- Opening Delimiter -
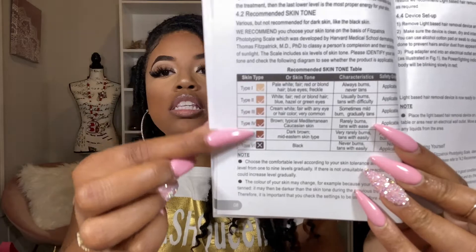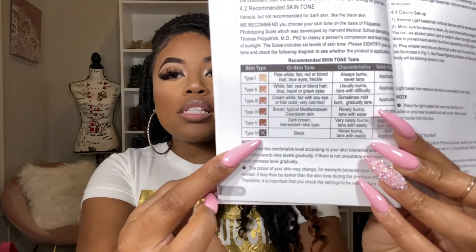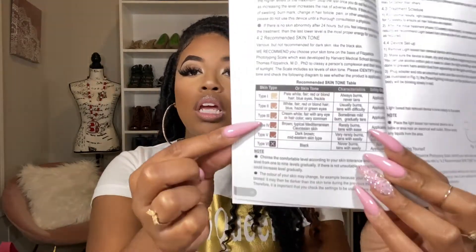In the manual, it lets you know in advance which skin tones it is safe to use the laser on. If you are very dark skin, it says it is not safe to use, but for medium to fair skin tones it is safe. So that's something to note — you don't want to use this product if the manual says it is not intended for your skin type. Definitely be aware and stay away from it.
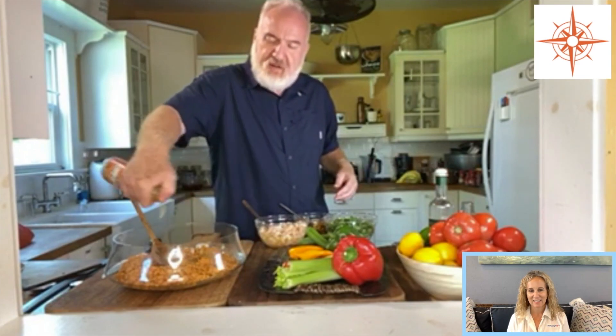I saw this little orange marinade that I thought was kind of cool. It's very popular in Spanish and Latin cooking to use sour oranges as a way to marinate. So we've done that.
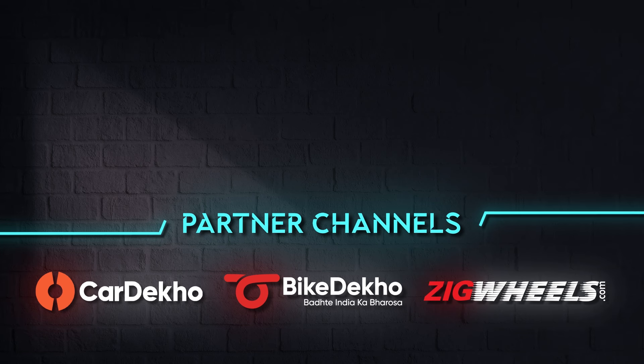BGauss claim that you can run the scooter for 1 lakh kilometers without having to service it. The 3 kilowatt-hour battery pack is set to deliver an IDC estimated range of 135 kilometers. BGauss tells us that in eco mode the real-world riding range is around 120 kilometers, although that's something we'll have to test later.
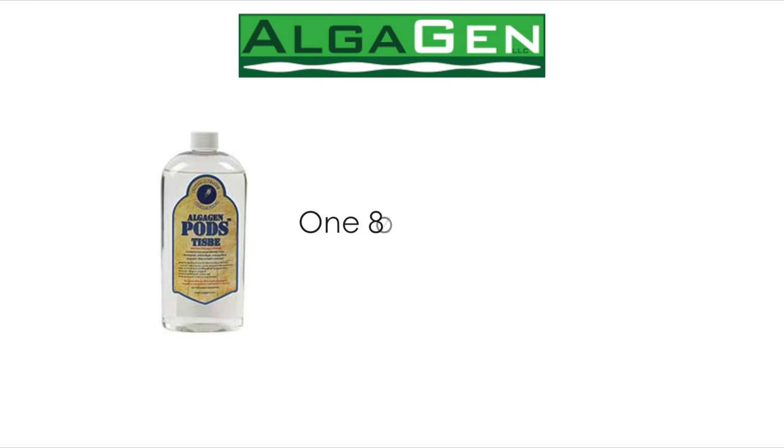Algogen recommends that you add one eight-ounce bottle of copepods for every two feet of tank space. So a four-foot-long tank should get two eight-ounce bottles to establish a healthy population.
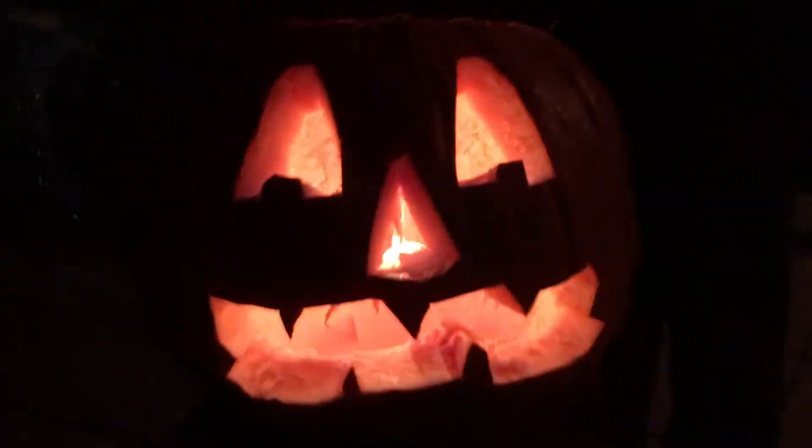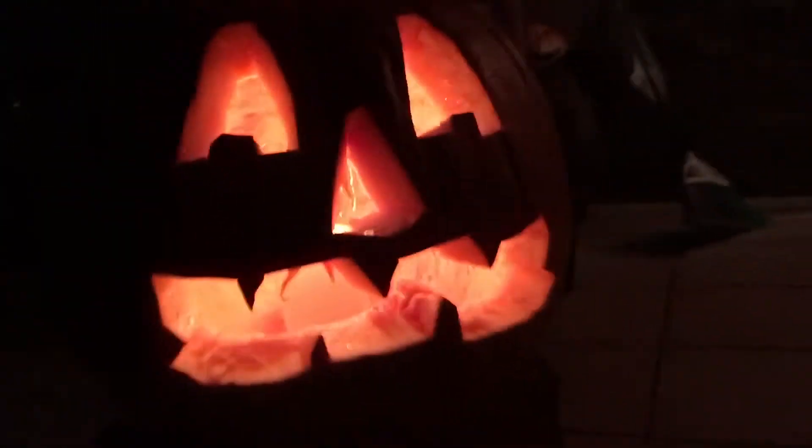Oh hi guys, I didn't see you there. We made the pumpkin. We put all the guts out and we lit up the light and there's still a few seeds in it, but we don't care.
- Closing Delimiter -
**PROBLEM DESCRIPTION**
Beginning with the first line of the entries above, repeat each line word for word until the line with "I saw this little" has been given too. Omit the pictures.

**OUTPUT FOR THIS TASK**
In the manual, it lets you know in advance which skin tones it is safe to use the laser on. If you are very dark skin, it says it is not safe to use, but for medium to fair skin tones it is safe. So that's something to note — you don't want to use this product if the manual says it is not intended for your skin type. Definitely be aware and stay away from it.
I saw this little orange marinade that I thought was kind of cool. It's very popular in Spanish and Latin cooking to use sour oranges as a way to marinate. So we've done that.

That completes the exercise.